Una corsa disperata di 200 metri attraverso terminal, controlli e barriere di sicurezza. Poi il drammatico epilogo sulla pista di Orio al Serio, dove un uomo di 35 anni ha perso la vita risucchiato dal motore di un Airbus A319 in fase di decollo. La tragedia si è consumata questa mattina alle 10.35 all’aeroporto di Bergamo, scuotendo la comunità aeroportuale e sollevando interrogativi inquietanti sui sistemi di protezione di uno degli scali più trafficati d’Italia.
La ricostruzione dell’accaduto presenta ancora molti punti oscuri, ma le prime testimonianze raccolte dalle autorità delineano un quadro agghiacciante. L’uomo avrebbe fatto irruzione nello scalo arrivando contromano, abbandonando l’auto e iniziando una corsa folle verso l’interno della struttura. Una volta varcata l’area arrivi al piano terra, sarebbe riuscito ad aprire una porta di sicurezza che conduce direttamente alle piazzole di sosta degli aerei.
Il velivolo coinvolto, un Airbus A319 della compagnia spagnola Volotea diretto alle Asturie, stava completando il “pushback” – la manovra di allontanamento dalla piazzola di sosta – quando si è verificato l’impatto fatale. A bordo viaggiavano 154 passeggeri, quattro assistenti di volo e due piloti, tutti illesi ma profondamente scossi dall’accaduto.
L’episodio ha immediatamente paralizzato le operazioni dello scalo lombardo. Sacbo, la società di gestione dell’impianto, ha sospeso tutti i voli dalle 10.20 alle 12 circa, parlando in una nota ufficiale di “inconveniente verificatosi sulla via di rullaggio, le cui cause sono in corso di accertamento da parte delle forze dell’ordine”. Un linguaggio istituzionale che nasconde la drammaticità di quanto accaduto.
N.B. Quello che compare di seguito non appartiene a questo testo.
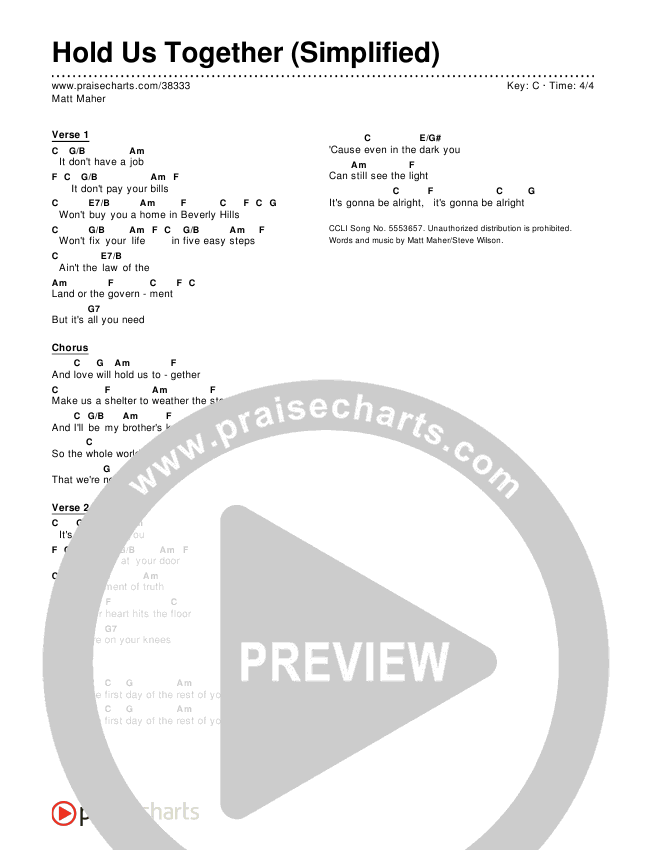 Hold Us Together (Simplified) Chord Chart ()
Ma è proprio la dinamica dell’intrusione a sollevare le domande più inquietanti. Come ha fatto un uomo a percorrere quasi 200 metri all’interno di un aeroporto internazionale, superando porte d’emergenza, pareti, ostacoli, snodi di controllo e la presenza delle forze dell’ordine? Il percorso dal terminal alle piazzole di sosta rappresenta normalmente una delle aree più sorvegliate e protette di qualsiasi scalo aeroportuale.
L’episodio riapre inevitabilmente il dibattito sulla sicurezza aeroportuale in Italia. Orio al Serio gestisce oltre 13 milioni di passeggeri all’anno ed è considerato uno degli scali più efficienti del Paese. Proprio per questo, la facilità con cui un uomo è riuscito a raggiungere la pista operativa desta preoccupazioni che vanno ben oltre la singola tragedia.
Volotea ha confermato l’accaduto con un comunicato ufficiale: “Un uomo è riuscito ad introdursi sul piazzale degli aeromobili, raggiungendo poi la via di rullaggio. Qui si è avvicinato all’aereo, fermo e a motori accesi, perdendo la vita”. La compagnia ha precisato che tutti i passeggeri sono stati riprotetti su un altro volo, partito da Milano-Bergamo alle 16.43, e hanno ricevuto supporto psicologico per elaborare il trauma vissuto.
Le autorità competenti hanno avviato un’inchiesta approfondita per ricostruire ogni dettaglio dell’accaduto e verificare eventuali falle nei protocolli di sicurezza. Nel frattempo, la comunità aeroportuale prova a metabolizzare uno shock che segnerà a lungo la memoria di chi ha assistito a quella corsa verso la morte.
L’episodio di Bergamo rappresenta un campanello d’allarme che non può essere ignorato. La sicurezza aeroportuale, considerata fino ad oggi una delle eccellenze del sistema italiano, dovrà essere ripensata e rafforzata per evitare che simili tragedie possano ripetersi. Ogni vita umana ha un valore inestimabile, e ogni sistema di protezione deve essere progettato per salvaguardare non solo i passeggeri, ma anche chi, in un momento di estrema disperazione, potrebbe mettere in pericolo se stesso e gli altri.